Was nun Wolf Singer besonders interessiert, ist, inwiefern sich das Gehirn langfristig durch die Meditation verändert. Dass die Leistungen unseres Gehirns unfassbar sind, zeigt das Beispiel der Savants eindrucksvoll. Der Engländer Daniel Tammet zum Beispiel kann die Zahl Pi bis auf 22.514 Stellen hinter dem Komma genau aufsagen. Allerdings ist das emotionale Leben der Savants autistisch verkümmert. Ein wechselseitiger Prozess: Weil sie nicht in soziale Beziehungen investieren können, lenken sie ihre Aufmerksamkeit auf andere Informationsquellen - mathematische Formeln, Landkarten und Telefonbücher. Im Sinne des Buddhismus werden soziale Kompetenzen und Empathiefähigkeit trainiert: Aufmerksamkeit, Altruismus, emotionale Ausgeglichenheit und Glück. Dieses Training hat tatsächlich konkrete Auswirkungen auf das Gehirn.
Die amerikanische Wissenschaftlerin Sara Lazar von der Harvard Medical School hat mit ihren Untersuchungen langjähriger Meditierender herausgefunden, dass die typische altersbedingte Abnahme der frontalen Großhirnrinde bei ihnen ausgeblieben ist. Mehr noch: Die frontale Großhirnrinde vergrößert partiell ihr Volumen. Und auch auf das Gefühlsleben hat die Meditation einen direkten Effekt - dies belegen die Versuche Tania Singers, der Tochter Wolf Singers, Hirnforscherin und Professorin an der Universität Zürich, mit Matthieu Ricard.
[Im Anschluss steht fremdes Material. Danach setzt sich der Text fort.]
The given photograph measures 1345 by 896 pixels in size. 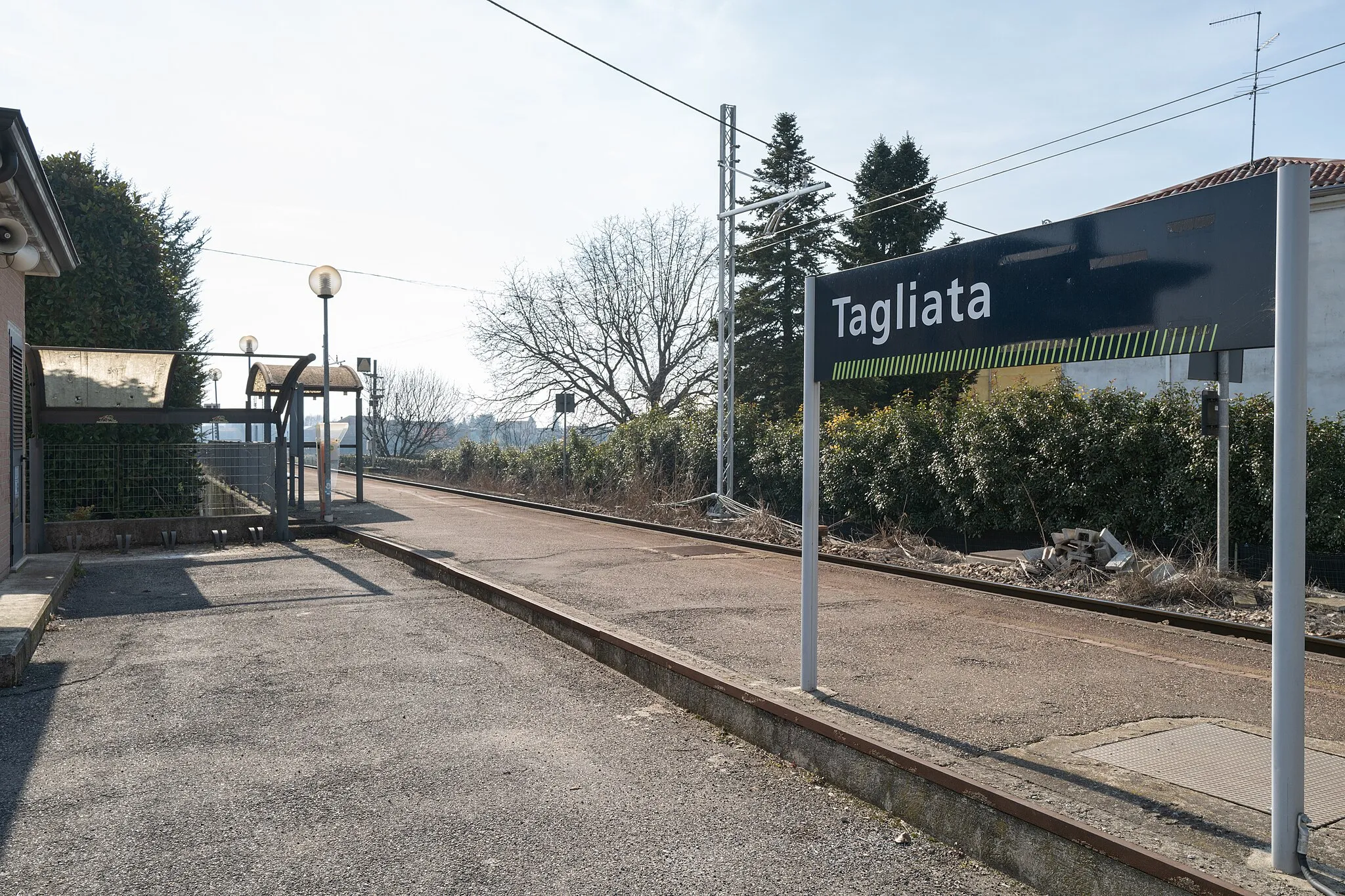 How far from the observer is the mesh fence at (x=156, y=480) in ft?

Dieser kann emotionale Zustände wie Schmerz, Ekel, Mitgefühl und Freude bewusst und graduell herstellen. Das zeugt von einem feinen Differenzierungsvermögen und das wiederum von einer besonderen kognitiven Kontrolle.
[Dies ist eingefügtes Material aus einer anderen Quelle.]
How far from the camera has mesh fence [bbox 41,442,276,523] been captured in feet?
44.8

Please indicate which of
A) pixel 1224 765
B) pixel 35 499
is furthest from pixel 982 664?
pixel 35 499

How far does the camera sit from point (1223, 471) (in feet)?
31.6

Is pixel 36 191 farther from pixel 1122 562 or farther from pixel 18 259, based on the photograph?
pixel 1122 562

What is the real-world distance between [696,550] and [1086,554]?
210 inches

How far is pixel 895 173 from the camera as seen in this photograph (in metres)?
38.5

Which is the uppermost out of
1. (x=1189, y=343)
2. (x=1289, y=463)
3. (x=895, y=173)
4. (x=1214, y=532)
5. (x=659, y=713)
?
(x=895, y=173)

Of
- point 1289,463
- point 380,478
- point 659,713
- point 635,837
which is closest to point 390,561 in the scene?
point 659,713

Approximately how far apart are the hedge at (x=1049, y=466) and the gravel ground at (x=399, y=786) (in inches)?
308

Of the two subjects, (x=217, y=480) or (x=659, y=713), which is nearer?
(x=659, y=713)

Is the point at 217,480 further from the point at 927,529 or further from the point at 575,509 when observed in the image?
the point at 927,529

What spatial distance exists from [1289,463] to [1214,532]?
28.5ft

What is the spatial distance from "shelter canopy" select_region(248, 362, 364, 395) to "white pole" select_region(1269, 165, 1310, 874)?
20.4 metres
Wie steht es also um den freien Willen des Menschen? Ein weites Feld, sagt Wolf Singer, im Gespräch mit Matthieu Ricard und schlägt vor, in einem nächsten Buch darauf zurückzukommen. Fest steht, dass auch die Buddhisten das Ich und dessen Willensfreiheit für eine Illusion halten: "Weil die nicht so sehr von der Autonomie des Ichs ausgehen, das allein für sich, verantwortlich, frei, jeweils das tun und lassen kann, was es will. Sondern das ist immer zu sehen im Gesamtkontext. Und auch die Buddhisten kommen zu dem Schluss, dass das Gehirn ein im Wesentlichen selbst organisierendes System sein muss. Das sehr verteilt organisiert ist und sich nur auf der Plattform des Bewusstseins vereint. Und das passt nicht schlecht zu dem, was die Neurobiologie auch sagt. Und passt überhaupt nicht zu dem, was zum Beispiel Descartes gesucht hat, nämlich so ein Zentrum im Gehirn, das alles macht", so Wolf Singer.
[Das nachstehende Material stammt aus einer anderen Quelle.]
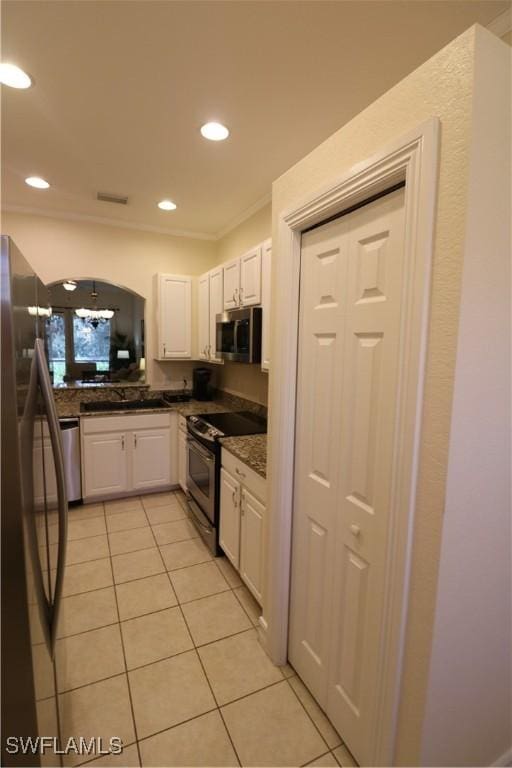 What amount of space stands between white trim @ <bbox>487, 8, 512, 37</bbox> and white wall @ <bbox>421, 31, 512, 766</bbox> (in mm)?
779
Der Dalai Lama ist selbst sehr stark am Austausch mit westlichen Wissenschaftlern interessiert. Insbesondere das Mind-and-Life-Institute in den USA, in dem auch Wolf Singer und Matthieu Ricard aktiv sind, bemüht sich um einen Dialog von Ost und West. Und natürlich lockt die Sehnsucht, das Unerklärliche erklärbar machen zu wollen. Was hat es mit dem menschlichen Bewusstsein auf sich? Ist es nur ein Produkt der Evolution? Der rumänisch-französische Philosoph Emil Cioran schrieb einmal: "Wegen all des Sibirischen, was sie beinhaltet, verlangt unsere Natur nach den Heiligen." Und der rumänische Religionswissenschaftler Mircea Eliade sah im Spirituellen eine unentrinnbare Kraft. Die Hirnforschung hat in den letzten Jahren unser Bild vom Menschen infrage gestellt. Der Dialog mit dem Buddhismus verhindert, uns als kalte Bioautomaten zu begreifen - getrieben von unseren Genen und elektronischen Impulsen. In ihm kommen eine Liebe zum Menschsein und soziale Werte zum Tragen.
Und so erscheinen auch Wolf Singers Thesen in einem neuen Licht: Sie sind durchaus vereinbar mit der spirituellen und kreativen Dimension des Buddhismus. Der edition unseld ist es mit diesem Buch gelungen, ihrem eigenen Anspruch gerecht zu werden: eine aktuelle Debatte zwischen Natur- und Geisteswissenschaften transparent zu machen. "Hirnforschung und Meditation" ist keine verquarzte Fachsimpelei, sondern ein Blick in die Praxis. Das Match, das hier gespielt wird - Mönch trifft Hirnforscher -, lässt einen schmunzeln und gleichzeitig auch mit Neugier auf eine Fortsetzung warten.
Auch wenn die Tatsache absurd ist, dass die Hirnforschung erst heute auf die Idee kommt, das alte Wissen der buddhistischen Philosophie ernst zu nehmen und zu Rate zu ziehen: Die Offenheit beider Positionen, von Wolf Singer wie von Matthieu Ricard, sorgt dafür, dass dieser Dialog überhaupt stattfinden kann.